== STORED DATA

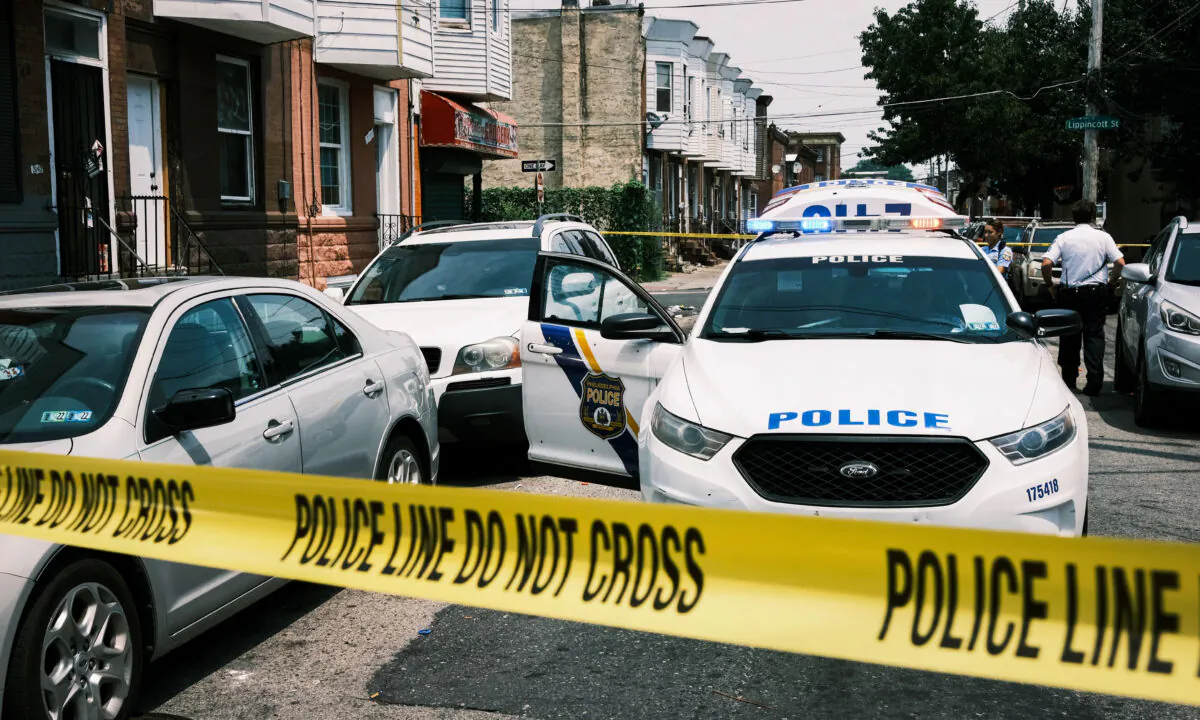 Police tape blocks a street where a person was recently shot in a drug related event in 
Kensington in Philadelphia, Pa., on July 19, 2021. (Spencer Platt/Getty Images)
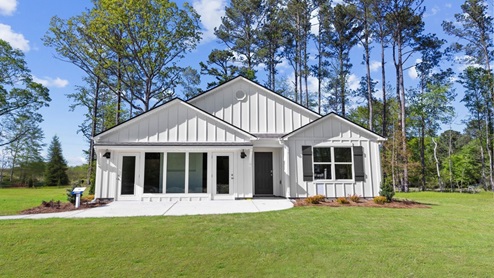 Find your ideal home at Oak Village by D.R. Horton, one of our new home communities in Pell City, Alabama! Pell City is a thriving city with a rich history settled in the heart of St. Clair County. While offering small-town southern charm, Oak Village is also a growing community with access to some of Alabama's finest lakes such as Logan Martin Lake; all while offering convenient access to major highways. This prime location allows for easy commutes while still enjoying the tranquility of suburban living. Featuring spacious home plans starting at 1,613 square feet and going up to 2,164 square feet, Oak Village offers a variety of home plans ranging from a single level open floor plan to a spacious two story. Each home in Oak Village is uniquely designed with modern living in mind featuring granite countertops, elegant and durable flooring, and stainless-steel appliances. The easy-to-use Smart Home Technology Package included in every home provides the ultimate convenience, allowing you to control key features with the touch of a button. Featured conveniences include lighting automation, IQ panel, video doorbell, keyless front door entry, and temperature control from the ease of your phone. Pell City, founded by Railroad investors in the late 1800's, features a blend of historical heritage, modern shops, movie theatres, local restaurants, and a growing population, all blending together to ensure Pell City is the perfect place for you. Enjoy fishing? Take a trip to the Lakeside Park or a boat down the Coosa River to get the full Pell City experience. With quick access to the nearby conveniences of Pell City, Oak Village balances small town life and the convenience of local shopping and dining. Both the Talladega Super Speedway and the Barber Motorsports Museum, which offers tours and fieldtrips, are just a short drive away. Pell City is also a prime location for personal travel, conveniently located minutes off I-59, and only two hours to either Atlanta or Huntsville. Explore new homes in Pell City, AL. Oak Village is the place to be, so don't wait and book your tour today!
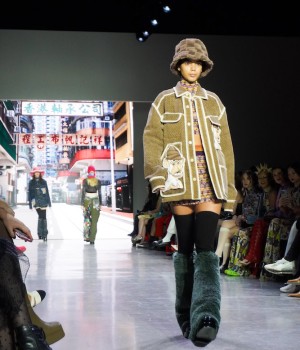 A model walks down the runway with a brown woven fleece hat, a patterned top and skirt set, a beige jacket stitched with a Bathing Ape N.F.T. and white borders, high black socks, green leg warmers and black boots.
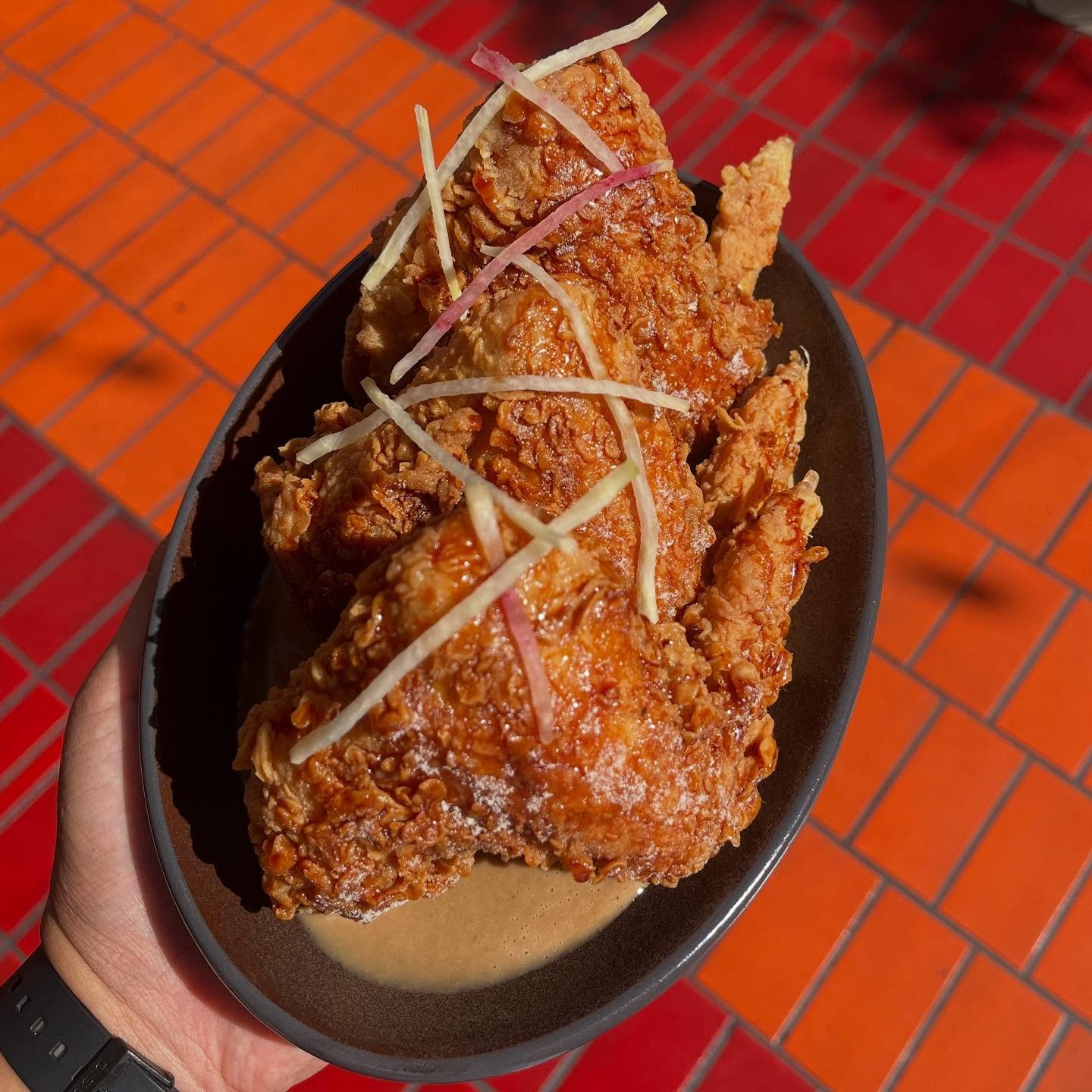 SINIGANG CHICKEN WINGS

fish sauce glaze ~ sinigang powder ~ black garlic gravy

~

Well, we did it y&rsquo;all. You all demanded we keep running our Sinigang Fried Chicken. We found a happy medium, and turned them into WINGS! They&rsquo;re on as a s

====
== STORED DATA

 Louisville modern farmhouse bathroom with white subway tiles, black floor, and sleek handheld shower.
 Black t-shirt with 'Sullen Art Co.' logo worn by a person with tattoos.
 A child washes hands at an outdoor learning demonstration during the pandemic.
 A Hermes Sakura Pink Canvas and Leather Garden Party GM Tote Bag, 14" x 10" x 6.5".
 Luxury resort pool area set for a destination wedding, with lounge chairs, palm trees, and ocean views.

====

WHAT YOU WILL DO: Give back precisely the lines above that start at the line containing "Black t-shirt with" and end at the line containing "Luxury resort pool", inclusive. No other lines belong in the output.

OUTPUT BELOW:
 Black t-shirt with 'Sullen Art Co.' logo worn by a person with tattoos.
 A child washes hands at an outdoor learning demonstration during the pandemic.
 A Hermes Sakura Pink Canvas and Leather Garden Party GM Tote Bag, 14" x 10" x 6.5".
 Luxury resort pool area set for a destination wedding, with lounge chairs, palm trees, and ocean views.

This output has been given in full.